___ THE RECORDS ___

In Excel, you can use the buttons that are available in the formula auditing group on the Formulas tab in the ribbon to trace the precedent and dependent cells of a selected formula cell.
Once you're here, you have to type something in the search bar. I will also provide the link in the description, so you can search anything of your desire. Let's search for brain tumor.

___
___ THE RECORDS ___

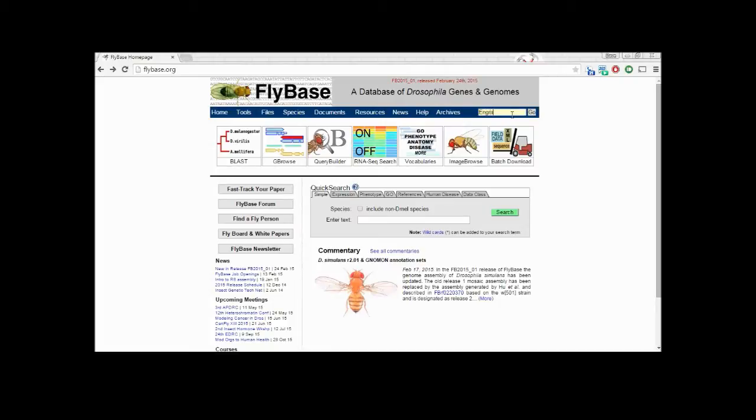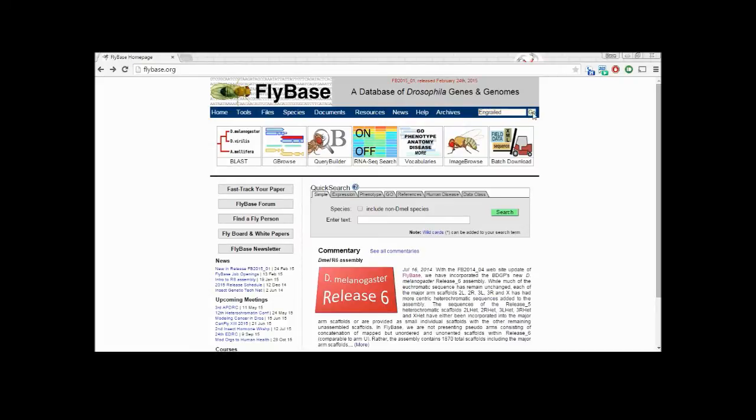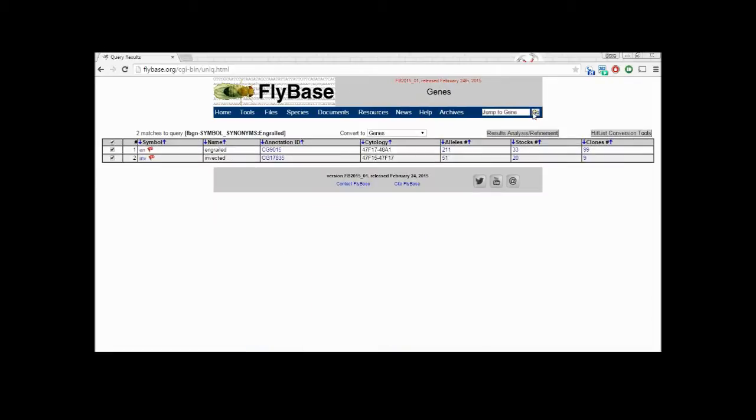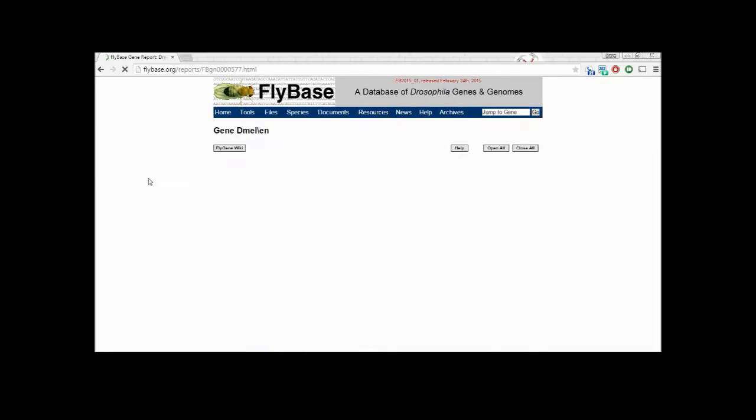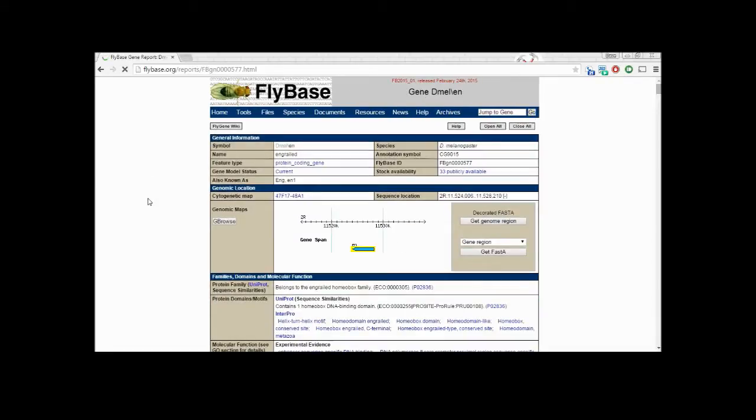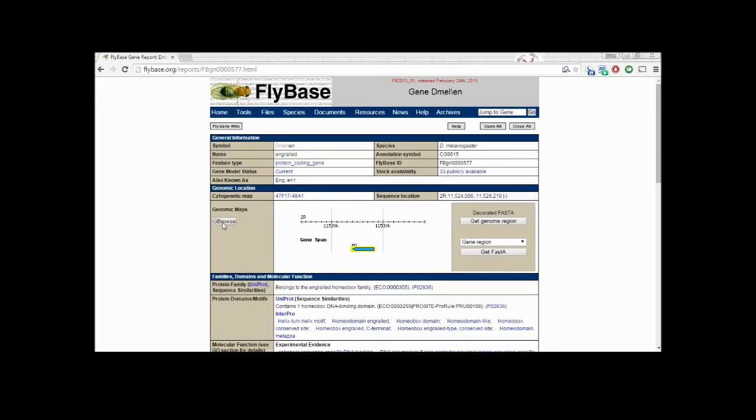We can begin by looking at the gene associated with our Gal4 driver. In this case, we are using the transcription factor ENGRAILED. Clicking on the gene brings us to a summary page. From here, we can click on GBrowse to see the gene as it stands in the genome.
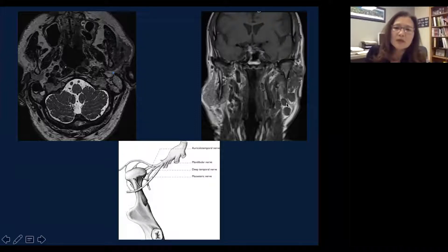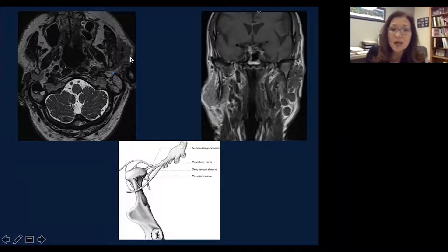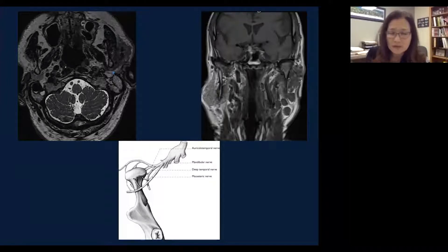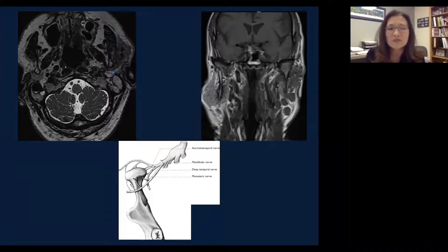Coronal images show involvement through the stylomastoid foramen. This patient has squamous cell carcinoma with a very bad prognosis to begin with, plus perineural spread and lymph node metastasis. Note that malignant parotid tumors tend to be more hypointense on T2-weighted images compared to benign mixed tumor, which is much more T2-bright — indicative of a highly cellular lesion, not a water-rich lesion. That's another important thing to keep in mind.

___
___ THE RECORDS ___

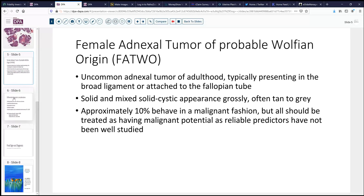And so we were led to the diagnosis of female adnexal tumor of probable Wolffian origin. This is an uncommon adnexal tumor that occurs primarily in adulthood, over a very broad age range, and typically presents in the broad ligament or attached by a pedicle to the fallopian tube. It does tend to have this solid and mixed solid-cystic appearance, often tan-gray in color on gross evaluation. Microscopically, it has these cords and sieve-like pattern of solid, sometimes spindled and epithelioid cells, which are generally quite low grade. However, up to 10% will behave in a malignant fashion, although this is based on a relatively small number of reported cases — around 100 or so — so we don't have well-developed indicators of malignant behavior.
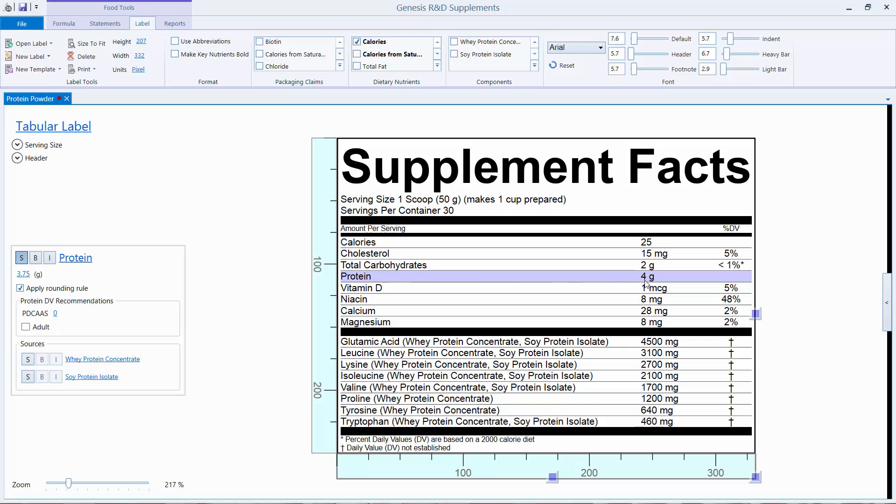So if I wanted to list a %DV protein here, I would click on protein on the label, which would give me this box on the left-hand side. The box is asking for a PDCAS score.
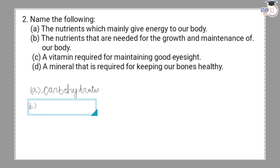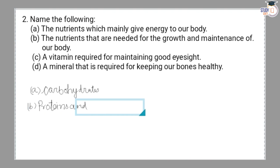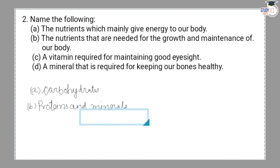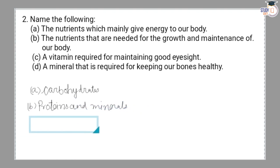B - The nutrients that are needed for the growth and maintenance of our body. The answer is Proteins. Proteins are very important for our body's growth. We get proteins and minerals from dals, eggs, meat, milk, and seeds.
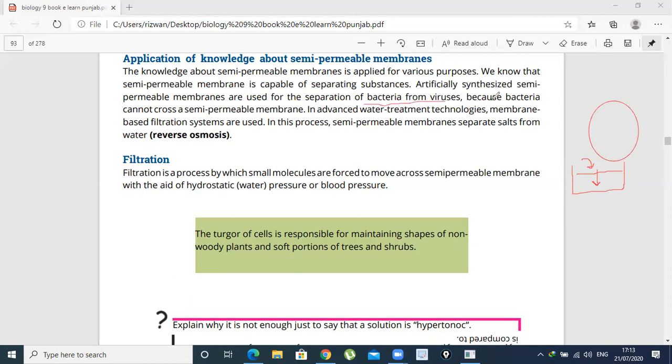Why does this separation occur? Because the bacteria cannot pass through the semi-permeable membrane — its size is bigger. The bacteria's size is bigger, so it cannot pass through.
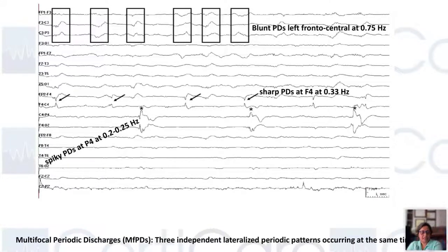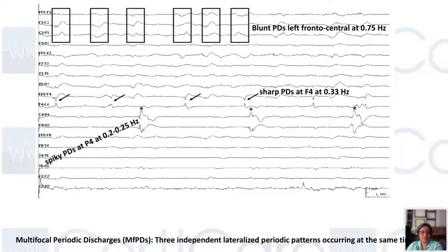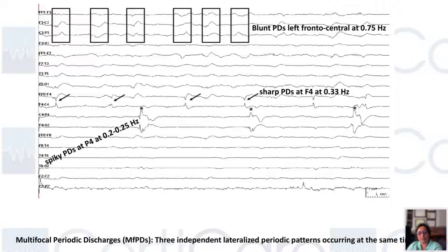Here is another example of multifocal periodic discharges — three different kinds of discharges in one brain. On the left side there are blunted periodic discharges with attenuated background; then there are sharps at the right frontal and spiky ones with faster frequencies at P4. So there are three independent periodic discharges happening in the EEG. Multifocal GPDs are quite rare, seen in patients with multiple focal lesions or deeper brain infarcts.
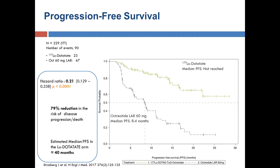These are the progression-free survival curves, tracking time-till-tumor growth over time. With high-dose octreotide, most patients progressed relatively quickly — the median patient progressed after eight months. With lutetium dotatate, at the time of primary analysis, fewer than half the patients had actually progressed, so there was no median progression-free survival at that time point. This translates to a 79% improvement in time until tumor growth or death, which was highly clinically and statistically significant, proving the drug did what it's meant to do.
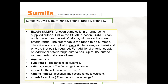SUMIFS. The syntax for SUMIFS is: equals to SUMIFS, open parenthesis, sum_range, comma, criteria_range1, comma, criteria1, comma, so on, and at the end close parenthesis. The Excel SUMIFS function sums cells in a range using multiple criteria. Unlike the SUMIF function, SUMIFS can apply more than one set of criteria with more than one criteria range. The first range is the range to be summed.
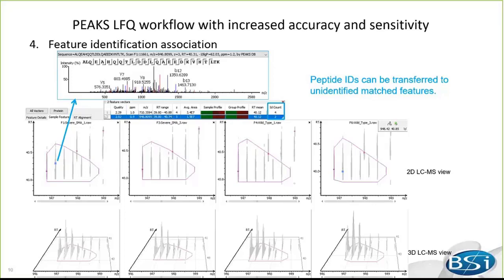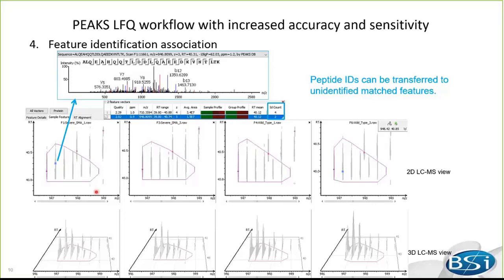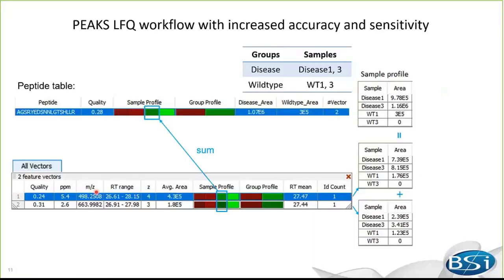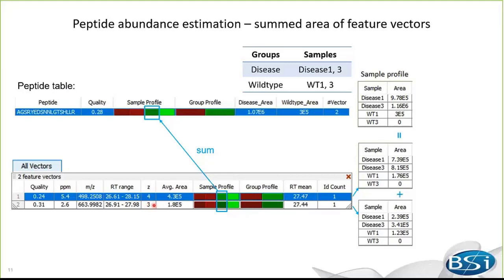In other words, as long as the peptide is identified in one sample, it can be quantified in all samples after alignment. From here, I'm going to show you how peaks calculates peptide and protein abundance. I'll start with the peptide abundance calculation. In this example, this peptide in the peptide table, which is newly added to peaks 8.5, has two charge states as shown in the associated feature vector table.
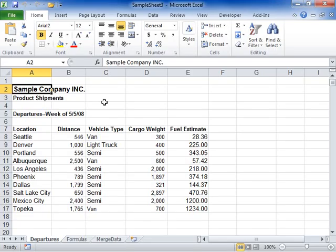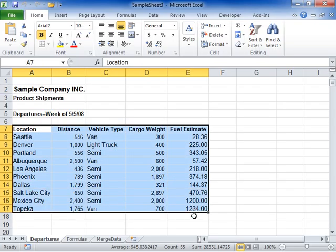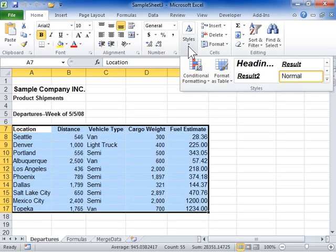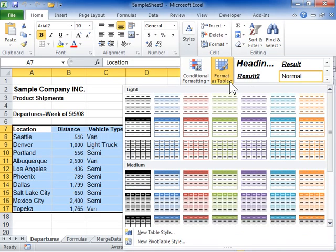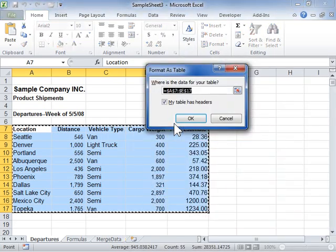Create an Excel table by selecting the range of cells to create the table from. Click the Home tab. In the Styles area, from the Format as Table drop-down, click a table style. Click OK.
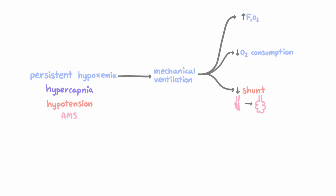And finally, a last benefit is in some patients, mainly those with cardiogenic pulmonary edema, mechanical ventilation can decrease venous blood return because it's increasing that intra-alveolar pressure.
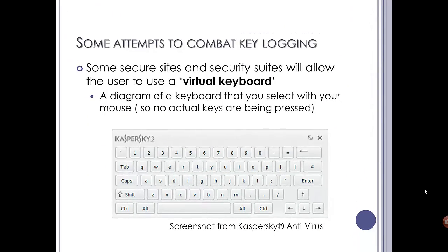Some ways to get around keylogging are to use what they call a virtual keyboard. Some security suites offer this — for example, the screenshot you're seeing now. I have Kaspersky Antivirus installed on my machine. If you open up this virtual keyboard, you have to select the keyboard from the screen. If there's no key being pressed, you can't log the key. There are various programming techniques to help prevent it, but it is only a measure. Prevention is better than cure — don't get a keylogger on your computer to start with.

___

> **WHAT NEEDS TO BE DONE**
For the material above, give again only the lines starting at the line that contains "And so we were" and ending at the line that contains "Here is another". Pictures do not belong in the copy.

> **RESULT OF THE TASK**
And so we were led to the diagnosis of female adnexal tumor of probable Wolffian origin. This is an uncommon adnexal tumor that occurs primarily in adulthood, over a very broad age range, and typically presents in the broad ligament or attached by a pedicle to the fallopian tube. It does tend to have this solid and mixed solid-cystic appearance, often tan-gray in color on gross evaluation. Microscopically, it has these cords and sieve-like pattern of solid, sometimes spindled and epithelioid cells, which are generally quite low grade. However, up to 10% will behave in a malignant fashion, although this is based on a relatively small number of reported cases — around 100 or so — so we don't have well-developed indicators of malignant behavior.
So if I wanted to list a %DV protein here, I would click on protein on the label, which would give me this box on the left-hand side. The box is asking for a PDCAS score.
B - The nutrients that are needed for the growth and maintenance of our body. The answer is Proteins. Proteins are very important for our body's growth. We get proteins and minerals from dals, eggs, meat, milk, and seeds.
Why does this separation occur? Because the bacteria cannot pass through the semi-permeable membrane — its size is bigger. The bacteria's size is bigger, so it cannot pass through.
Here is another example of multifocal periodic discharges — three different kinds of discharges in one brain. On the left side there are blunted periodic discharges with attenuated background; then there are sharps at the right frontal and spiky ones with faster frequencies at P4. So there are three independent periodic discharges happening in the EEG. Multifocal GPDs are quite rare, seen in patients with multiple focal lesions or deeper brain infarcts.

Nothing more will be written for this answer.